Chicago - Denver - Fort Robinson, Nebraska


 

In camp, brewing up
We left Chicago on the two o’clock train Monday – and, to everybody else’s huge surprise, arrived in Denver bang on 0714h Tuesday. Well done, Amtrak. Sunday yielded one major disappointment: we walked down to 8th and Wabash to spend an evening at Buddy guy’s blues club, but found it closed for a private party until 10.30 pm. Too late for two old geezers who had things to do Monday morning – namely, a very informative walking tour around some of Chicago’s earliest tall buildings, those put up in the first two decades after the fire that wiped the city out in 1871. We plan on signing up for another such walk on our way back through in about four weeks’ time – and we’ll make that trip down to Buddy guy’s at last.

I’d been fretting about how we would get from Denver’s Union station to the airport with two heavy bags, A’s fiddle and a small back-pack apiece. We’d had conflicting advice, most of it suggesting a really difficult journey. In fact, we stepped off the train onto a newly-constructed concourse with a bus terminal adjacent, and there, before our very eyes, was a dedicated airport bus (half-hourly service). We got out there for eight-thirty, were able to collect our car early, and hit the road. A few hours later we arrived at Fort Robinson, Nebraska, where we pitched our tent, lit a fire and cooked steak.

This morning, after I’d nailed down the final version of the talk I’m giving at the Bean Broker on Friday, we set off to explore this site of an old cavalry fort, established in 1874 and kept in use until after the Second World War, during which it served as home to the K-9 corps.
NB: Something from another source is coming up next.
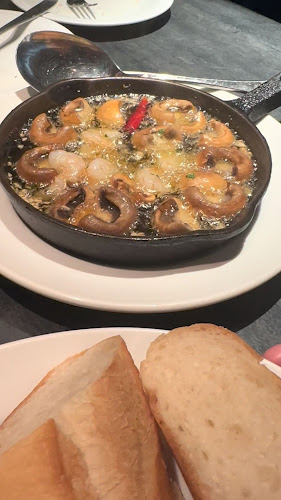 Opinii despre アモーレ木屋町 în 京都市 - 飲食業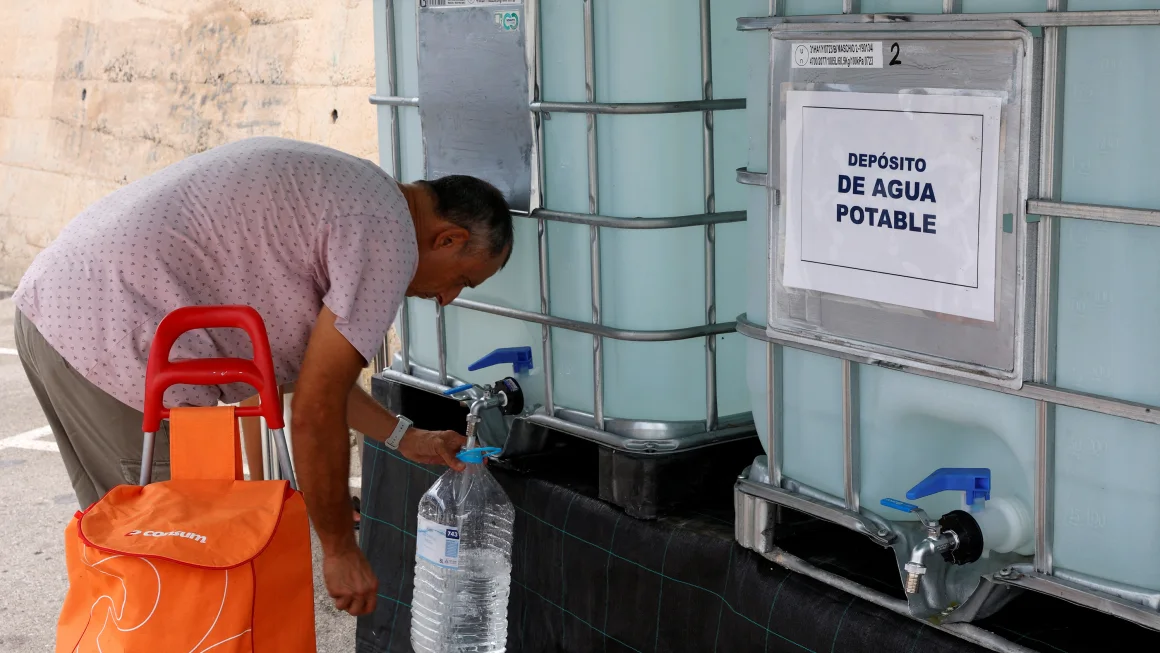 Air keran di beberapa tempat wisata yang dilanda kekeringan ini kini terlalu asin untuk diminum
Home of K-9, the Canine Corps
 
Back in the 19th century, of course, it serviced the Red Cloud agency, where defeated Plains tribes received their allowance of cattle, blankets, flour, etc – or some approximation to it. It wasn’t exactly UNESCO. The signage around here, however, seems to offer an un-reconstructed version of events from a white viewpoint. There was the laughable remark on one of them, to the effect that this place ‘was a powder-keg’: yes, on one occasion a group of hostile ‘chopped down the flag-pole’. This is where the Northern Cheyenne were held captive, and where Crazy Horse was killed; or murdered – take your pick.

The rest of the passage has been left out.